19 aprile 2013

Compie quindici anni di attività l'etichetta tedesca (ora con sede in Francia) Staubgold e per l'occasione ripubblica in vari formati l'intero catalogo - difficilmente rintracciabile altrimenti - dei 49 Americans, allegra brigata di musicisti, praticanti, parenti stretti e passanti casuali pescati da Andrew Brenner nelle fila del London Musicians' Collective e della scena post-punk londinese dei primi anni ottanta: tra questi Steve Beresford, Lol Coxhill, Max Eastley, Viv Albertine, Vivien Goldman, David Toop e Peter Cusack. Ricorda lo stesso Brenner: "The 49 Americans were an experiment in the pursuit of happiness. We were playing because we wanted to play, because we enjoyed being together and seeing what each other could do; musicians and non-musicians surprising each other. We did not take ourselves seriously, but we were serious about that. In the increasingly global market place, there is less and less room for individuals at the top. So we celebrated, not being at the top, but simply being together. Like the Statue of Liberty we held up a shining torch of self-entertainment! Saying: Have fun! Play! Participate! Everyone should be allowed to be an American. Like it says on the dollars: E pluribus unum!"
A sottolineare l'iniziativa della Staubgold è in programma una festosa rimpatriata, per chi c'è, al Cafe Oto il prossimo 4 giugno: http://www.cafeoto.co.uk/the-49-americans.shtm

This ragtag group is quintessentially the most distilled example of the anything-goes, tear-up-the-rulebook fire of the DIY era that was sparked by the punks, yet ultimately fanned by a cross-section of youths, scholars, and intellectuals who sought to truly create something fresh. The 49 Americans was the brainchild of Andrew Brenner, an American expat in London who ended up assembling the ensemble from members of the city's underground rock community (including members of the Slits and Alternative TV) as well as the London Musicians' Collective, a group who counted among their ranks some of the London area's most talented, innovative, and controversial experimental musicians.
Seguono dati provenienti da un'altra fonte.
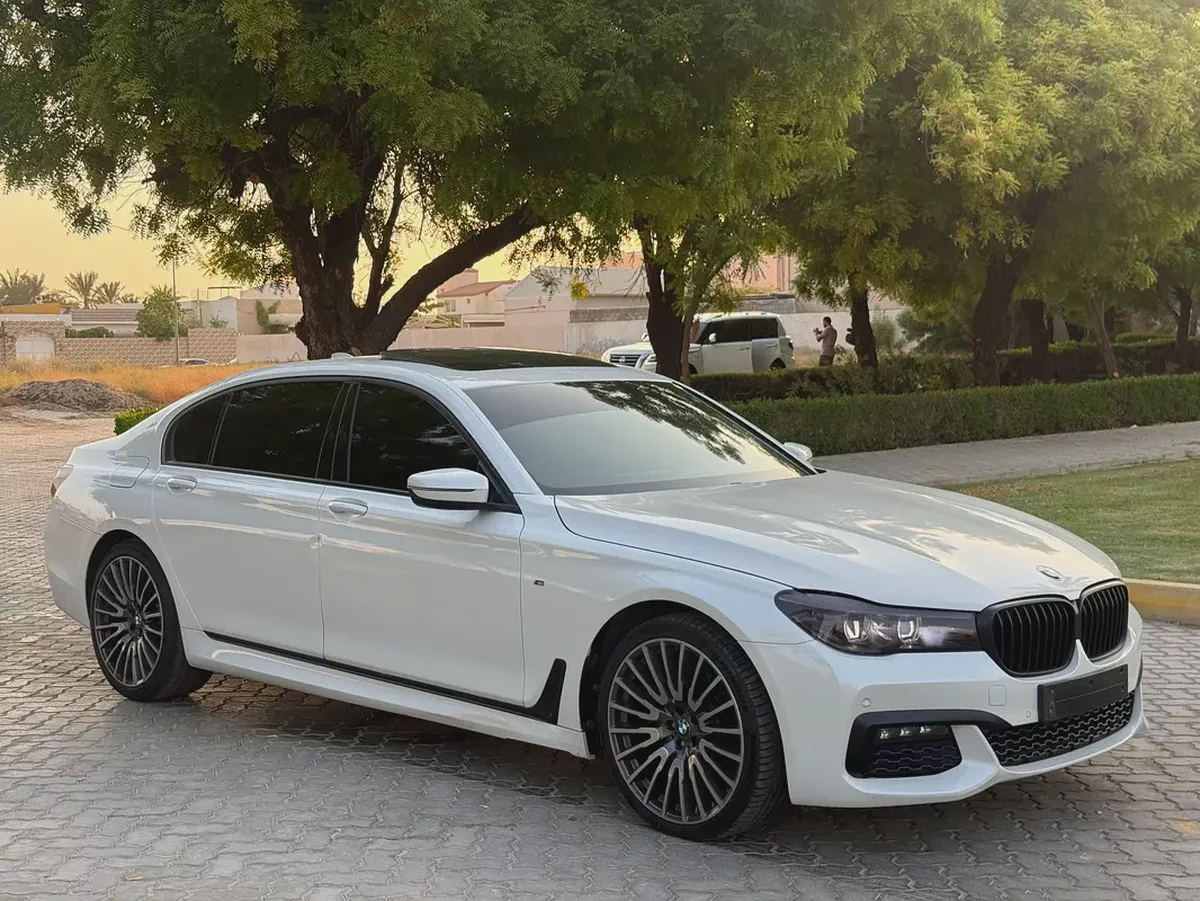 اول مالك من االوكالهStunning BMW 7-Series 730Li 2017 | GCC Specs | Low Mileage | Pristine Condition-17-17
Brenner also included a number of his close non-musician friends, and the 'band' set out to simply record for fun; with such a wide stylistic net, they could literally attempt anything, and their enthusiasm and joy is what makes their discography so special - it sounds unlike anything else of its era, though its closest contextual ancestors would probably be the Flying Lizards, mainly due to the key involvement of Steve Beresford and David Toop, both of whom played in the Lizards, as well as their General Strike bedroom dub project.